Angelman syndrome (AS) is neurological disorder in which severe learning difficulties are associated with a characteristic facial appearance and behavior. more...
Dr. Harry Angelman, a pediatrician working in Warrington, Cheshire, first reported three children with this condition in 1965. It was initially presumed to be rare. In 1987, it was first noted that around half of the children with Angelman syndrome have a small piece of chromosome 15 missing (chromosome 15q partial deletion). Since this time the condition has been reported more frequently and the incidence is now thought to be 1 in 15,000 children.
Angelman syndrome is caused by the loss of the the normal maternal contribution to a region of chromosome 15, most commonly by deletion of a segment of that chromosome. Other causes include uniparental disomy, translocation, or single gene mutation in that region. A healthy person receives two copies of chromosome 15, one from mother, the other from father. However, in the region of the chromosome that is critical for Angelman syndrome, the maternal and paternal contribution express certain genes very differently. This is due to sex-related epigenetic imprinting; the biochemical mechanism is DNA methylation. If the maternal contribution is lost, the result is Angelman syndrome. (When the paternal contribution is lost, by similar mechanisms, the result is Prader-Willi syndrome.)

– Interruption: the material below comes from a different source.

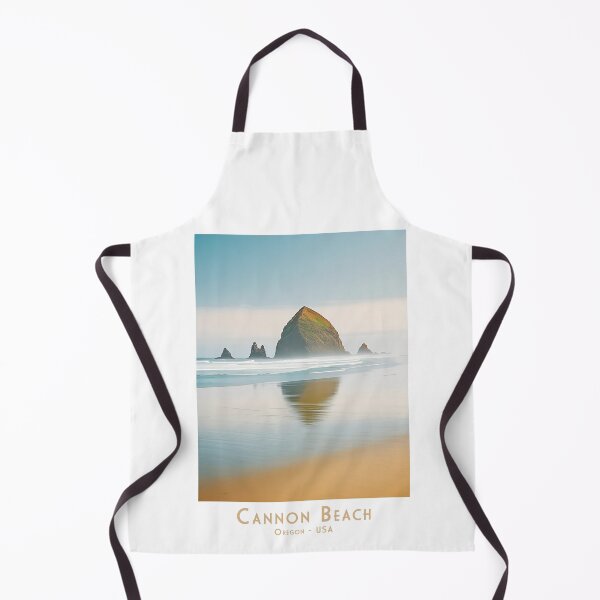 Item preview, Minimalist travel poster - Dawn at Cannon Beach, vintage style designed and sold by pod24.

Angelman syndrome can also be the result of mutation of a single gene. This gene (Ube3a, part of the ubiquitin pathway) is present on both the maternal and paternal chromosomes, but differs in the pattern of methylation (Imprinting). The paternal silencing of the Ube3a gene occurs in a brain region-specific manner; the maternal allele is active almost exclusively in the hippocampus and cerebellum. The most common genetic defect leading to Angelman syndrome is an ~4Mb (mega base) maternal deletion in chromosomal region 15q11-13 causing an absence of Ube3a expression in the maternally imprinted brain regions. Ube3a codes for an E6-AP ubiquitin ligase, which chooses its substrates very selectively and the four identified E6-AP substrates have shed little light on the possible molecular mechanisms underlying the human Angelman syndrome mental retardation state.

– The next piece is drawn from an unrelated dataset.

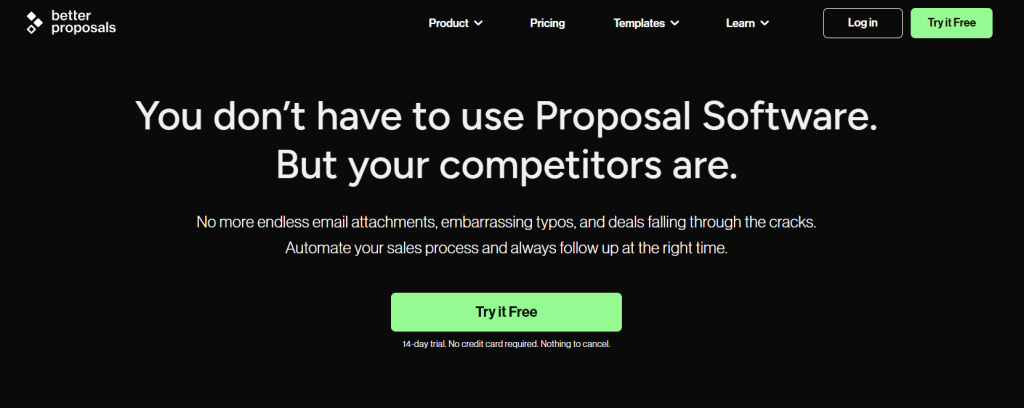 Better Proposals screenshot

Initial studies of mice that do not express maternal Ube3a show severe impairments in hippocampal memory formation. Most notably, there is a deficit in a learning paradigm that involves hippocampus-dependent contextual fear conditioning. In addition, maintenance of long-term synaptic plasticity in hippocampal area CA1 in vitro is disrupted in Ube3a -/- mice. These results provide links amongst hippocampal synaptic plasticity in vitro, formation of hippocampus-dependent memory in vitro, and the molecular pathology of Angelman syndrome.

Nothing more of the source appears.